The principal federal taxes for individuals are the individual income tax and the social security tax, which is imposed on wages of US employees regardless of where they are employed and on wages of non-US employees employed in the US. In addition to the regular income tax, individuals may be subject to the alternative minimum tax (AMT), which is triggered where an individual’s AMT liability exceeds that individual’s regular income tax liability.

Most states and some municipalities impose individual income tax. State and local income taxes generally follow the federal income tax in the way income is calculated but they may use apportionment in some cases.

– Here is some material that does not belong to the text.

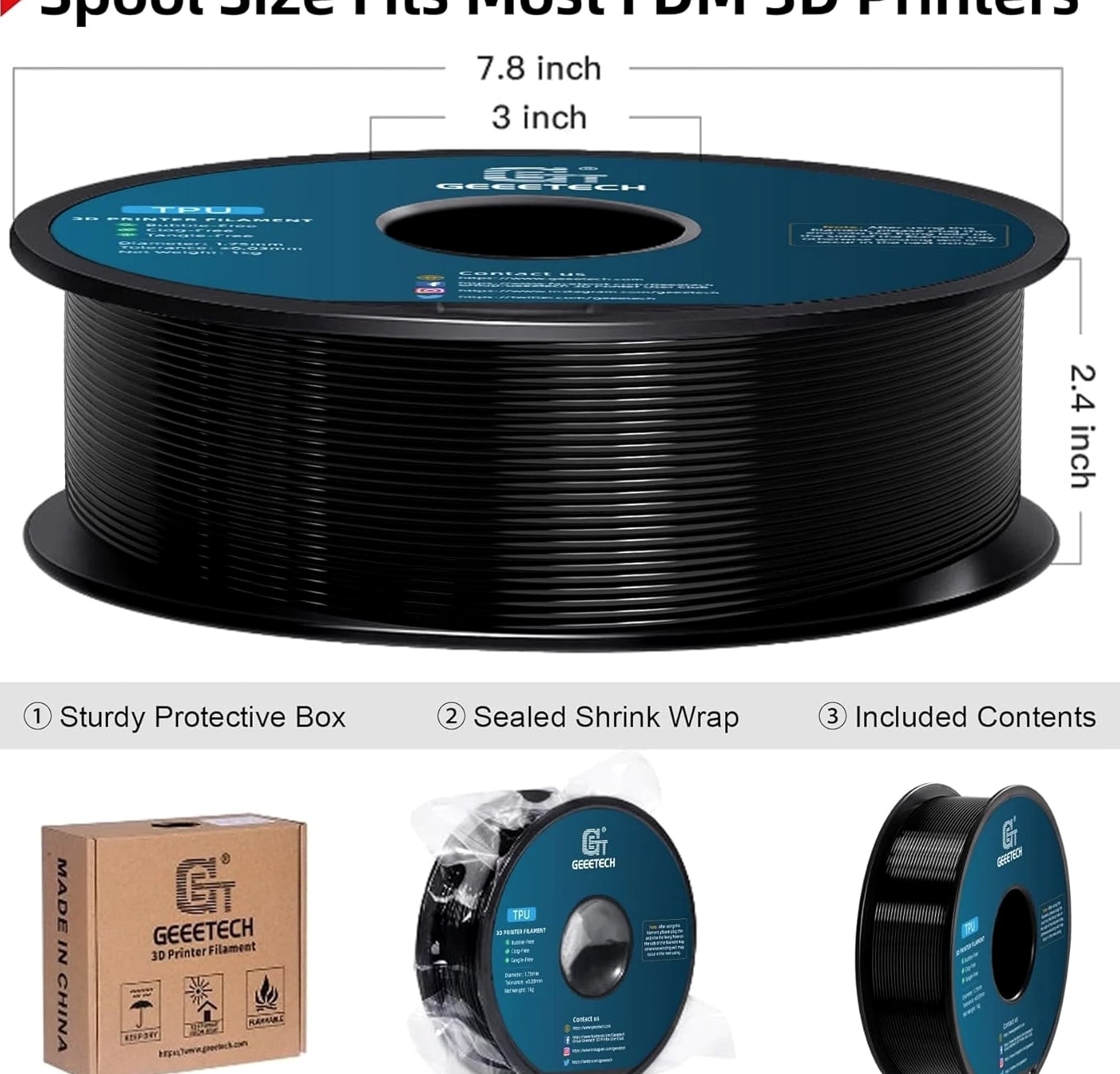 Flexible 3D Printer Filament with High Elasticity TPU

The tax year for individuals is generally the calendar year, although a fiscal year or a 52-53-week year may be used in certain circumstances (if the taxpayer regularly keeps books on that basis). Individuals generally must file a tax return by 15 April after the end of the tax year. Extensions of time to file are available, but all tax payments must be made by 15 April. Penalties and interest can apply for failure to file or for late filing.


All US citizens and residents, including resident aliens, pay federal tax on their worldwide income and are allowed a foreign tax credit for foreign taxes paid or accrued. Aliens who have entered the US as permanent residents and who have not officially surrendered or lost the right to permanent US residency are taxed as US residents. Also taxed as residents are aliens who meet a 'substantial presence test', which requires physical presence in the US for (1) 31 days during the current calendar year and (2) a weighted number of 183 days over the course of the current calendar year and the two immediately preceding calendar years.

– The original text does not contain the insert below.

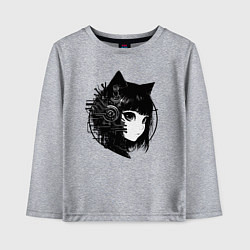Лонгслив хлопковый детский Девочка кошка - киберпанк, цвет: меланж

Non-resident aliens pay US personal taxes on all income from US sources 'effectively connected' with trade or business in the US on a net basis at graduated rates. Investment and other fixed or determinable income not 'effectively connected' with a US trade or business is taxed at a flat rate of 30% or a lower treaty rate, regardless of the amount.

Taxable Income and Rates

The tax burden on individuals is low in the US, compared with other industrialised nations. It is a progressive system on paper, though this is complicated by an intricate system of tax regulations. For higher-income individuals, the US tax code phases out personal exemptions and imposes a ceiling on itemised deductions.

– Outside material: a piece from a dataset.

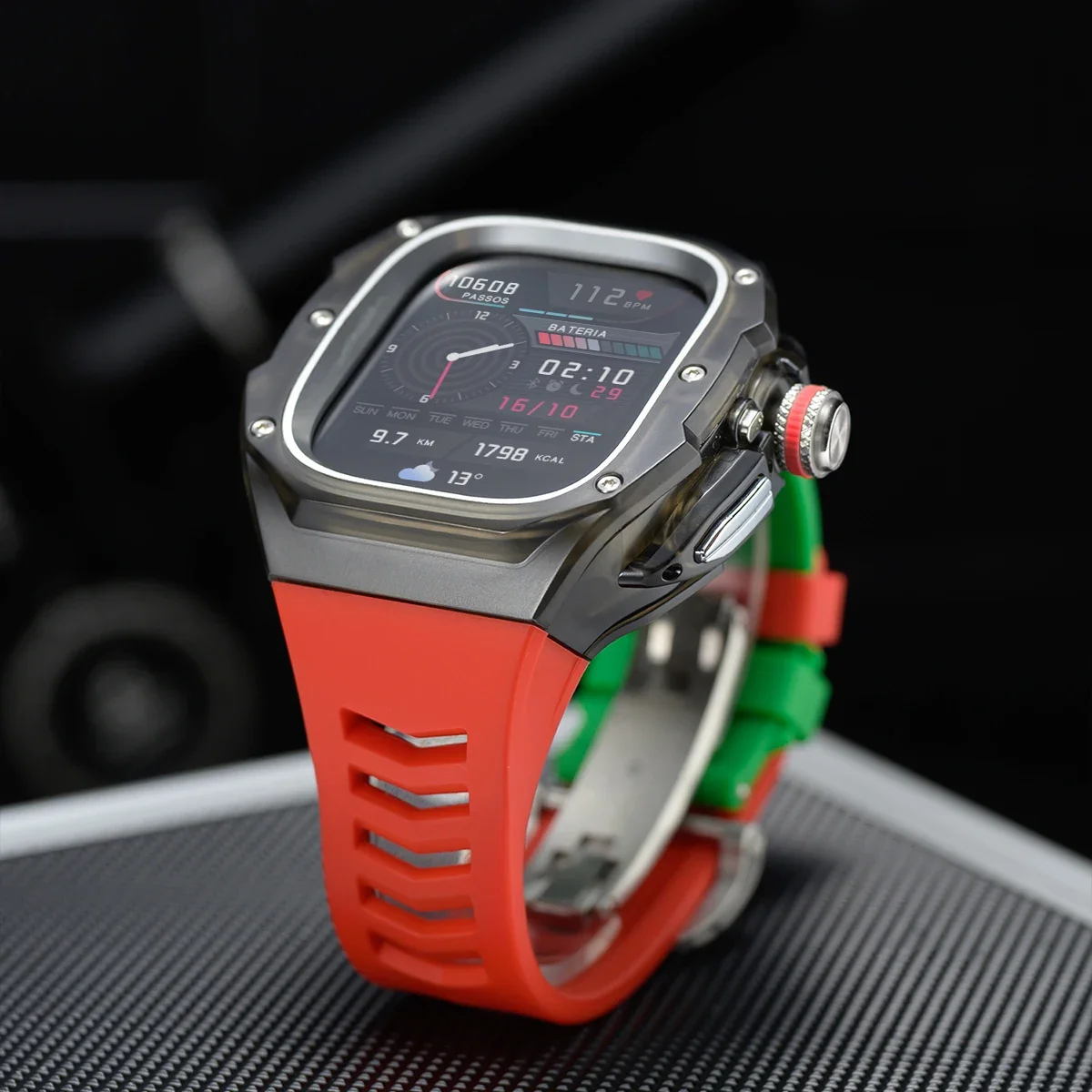 

Luxury Mod Kit for Apple watch Ultra 3/2/1 49mm Sport Rubber Strap+Case for Iwatch ultra 49mm Transparent Glacier Case Refit Kit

In May 2001 the US Congress approved the Bush administration’s Economic Growth and Tax Relief Reconciliation Act (EGTRRA), which cuts taxes by US$1.35 trn over a decade. Under the legislation, marginal rates were reduced across the board. All of these tax breaks, including the reduction in tax rates and repeal of the estate tax, are set to expire at the stroke of midnight on December 31st 2010. This expiration of the tax measures, or 'sunsetting', is an accounting device that allows the government to consider the costs for a ten-year window to comply with congressional budget parameters. Additional legislation, and revised fiscal calculations, will be required to make the reductions permanent.

In May 2003 Congress passed a second sweeping tax-cut package, the Jobs and Growth Tax Relief Reconciliation Act (JGTRRA). The legislation, with a price tag of US$350 bn over a decade, accelerated the cuts to marginal rates, the increase in the child tax credit and marriage penalty relief provided by EGTRRA, and reduced taxes on certain corporate dividends and capital gains.

In September 2004 Congress passed the Working Families Tax Relief Act (WFTRA) of 2004, a US$146 bn bill, which extended popular middle-income tax relief provided by JGTRRA. The legislation extended marriage penalty relief, the US$1,000 child tax credit and the expanded 10% income tax bracket through 2010. It also extended the increased AMT exemption amounts (US$58,000 for married couples and US$40,250 for singles) through 2005.